By Beth Emery
Atlantic News, Tuesday, January 10, 1995
[The following article is courtesy of Atlantic News]
HAMPTON – The beauty of original pictures and paintings, or the creativity that is revealed through pottery is what lead Raymond LaBranche to the University of New Hampshire where he majored in art. Now, some thirty-six years later, LaBranche will be retiring from his job as an art teacher and chairman of the art department; or as he stated, “making a career change.”
LaBranche has owned a small pottery shop in Newfields, New Hampshire since 1965, and, at the end of this school year, will be devoting his time to his store.
After graduating from UNH, LaBranche headed for Lake George to take on an art teaching class for only one year. Upon returning to New Hampshire the following year, a job opened up in Salem, where he taught art classes for sixteen years. Following the years teaching in Salem, a job offer at Winnacunnet High School opened, and LaBranche quickly filled it. He has stayed at Winnacunnet for almost sixteen years and has taught all ten art classes that the school offers to students.
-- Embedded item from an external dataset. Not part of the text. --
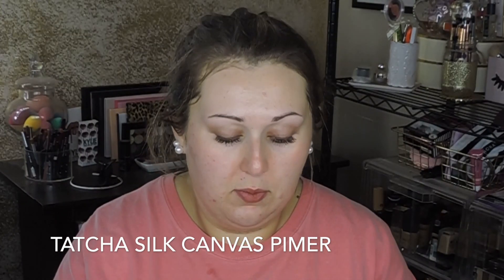Going in with my Tatcha silk canvas primer and just focusing that on my T-zone and the center of my face.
Winnacunnet’s highly praised art department, which includes teachers Jill Berry, James Elder, Ronald Prevoir, and LaBranche, sees over three hundred students daily. The staff collectively teaches fifteen classes per day and are generally “very well accepted” by their students.
Students interested in pursuing a college education in art would start the program at Winnacunnet with Beginner Art, a prerequisite for many of the following art classes. The advanced art students would continue with Drawing I and Drawing II, followed by Portfolio Prep, otherwise known as Drawing III, which primarily consists of painting. For other art preferences, the school offers Photography, Sculpture, Ceramics I & II, and Art History. Of all the classes, LaBranch enjoys Art History the most. “That’s my favorite class,” stated LaBranche. “Studying paintings and pictures of famous artists is the main portion of the Art History class.”
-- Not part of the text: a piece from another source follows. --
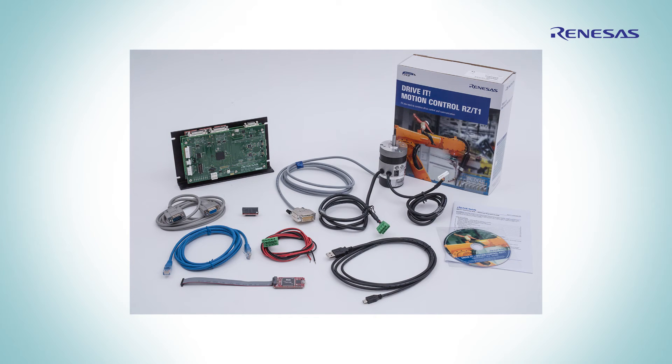The driver kit provides all that you need to start from scratch: solution kit for assembly, BLDC motor coupled to an encoder, hardware debugger, serial cable, USB cable, motion utility software, industrial communication stacks, example projects, and evaluation version IAR EWARM IDE.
During class thousands of slides are shown of famous artists and their creations and then students interpret and discuss them. The students also make two or three trips to art museums to see the original works, and later the pupils duplicate a painting of their favorite artist. “The students have a text book they work from, and they are required to do reports, but the course is not straight lecture such as a regular history course may be,” LaBranche added.
Although Art History is LaBranche’s preferred class, Senior Portfolio class is also taught by LaBranche and is an extremely helpful class to those art major students applying to college. The students work on a collaboration of twelve to fourteen pieces of their best work to submit into their portfolio.
“Students will not be accepted [to college] without one, and by making it a class, I can help make their portfolio the best,” LaBranche stated.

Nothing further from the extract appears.